One ting that can probably be noted is that by the metrics we captured, we are currently convinced that the problem does not seem to be a memory leak. Rather than that, it seems that something changed in GeoTools / GeoServer that dramatically changed the way native memory is consumed. Full GC runs (or at least a much more aggressive GC strategy) now seems to be required, in order to stabilize GeoServer’s memory consumption.
Async Profiling results
We also ran the async profiler tool: GitHub - async-profiler/async-profiler: Sampling CPU and HEAP profiler for Java featuring AsyncGetCallTrace + perf_events with native memory tracking:
./asprof start -e nativemem -f app.jfr <pid>
... wait until just before crash
./asprof stop -e nativemem -f app.jfr <pid>
The tracking showed some spots that seem to be consuming a lot native memory:
Leak detection points us to similar spots:
Unfortunately, we could not see any particular changes in GeoTools/GeoServer that would be affecting these spots. Also, the same analysis based on 2.23.6 showed very similar results.
JEMalloc
Finally we investigated into GitHub - jemalloc/jemalloc as it seems commmonly understood that Linux glibc malloc has a problem where it allocates native memory regions of an unfavourable size of 64MB, which could lead to native memory fragmentation.
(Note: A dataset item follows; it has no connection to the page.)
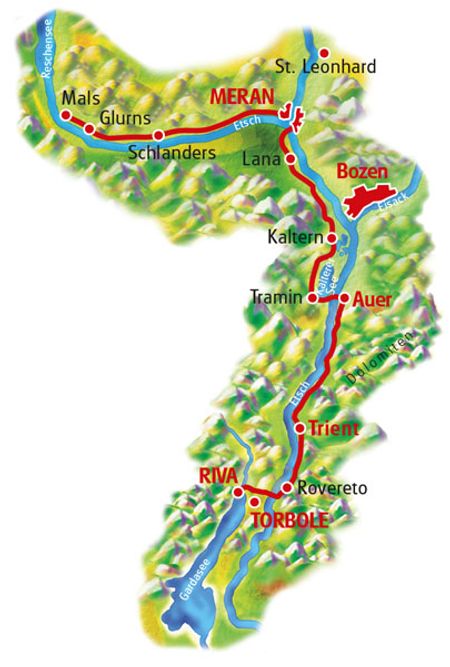 Karte Meran - Gardasee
This results in a memory curve as this:
- GS 2.27.1 + G1GC + Jemalloc + 30G maxHeap
Again, it looks like there’s not a particular memory leak, but more a weird change in the way memory is allocated and freed.
Tracing back to 2.24.0
We traced the problem back to 2.24.0, by going back from 2.27.x branches of GeoServer downwards (2.26.x, 2.25.x, 2.24.x). Finally the earliest version, that must have introduced the behaviour was 2.24.0, because going upward from 2.23.6 to 2.23.x did not show that behaviour at all.
Memory foot-print in 2.23.6
Finally, here comes a figure of how the consumption was in 2.23.6:
- initial heap: 10GB
- max-heap: 40MG
- garbage collection: G1GC
- tile-recycling: off
Summary
It seems that something between 2.23.x and 2.24.0 has changed with a dramatic impact on how off-heap memory is being used in GeoServer. Current analysis has made us conclude that it might not be a leak, but somehow a different behaviour that requires a more aggressive garbage collection strategy.
The only way we can currently survive is that we a using jemalloc + ZGC + a much decreased max-heap setting.
My question to the community + devs would be if anyone has made similar observations, or has any idea what might have caused the drastic change in behaviour.
Currently our goal is to try understand what’s going on there.
We are thankful for any suggestions / ideas.
Thanks!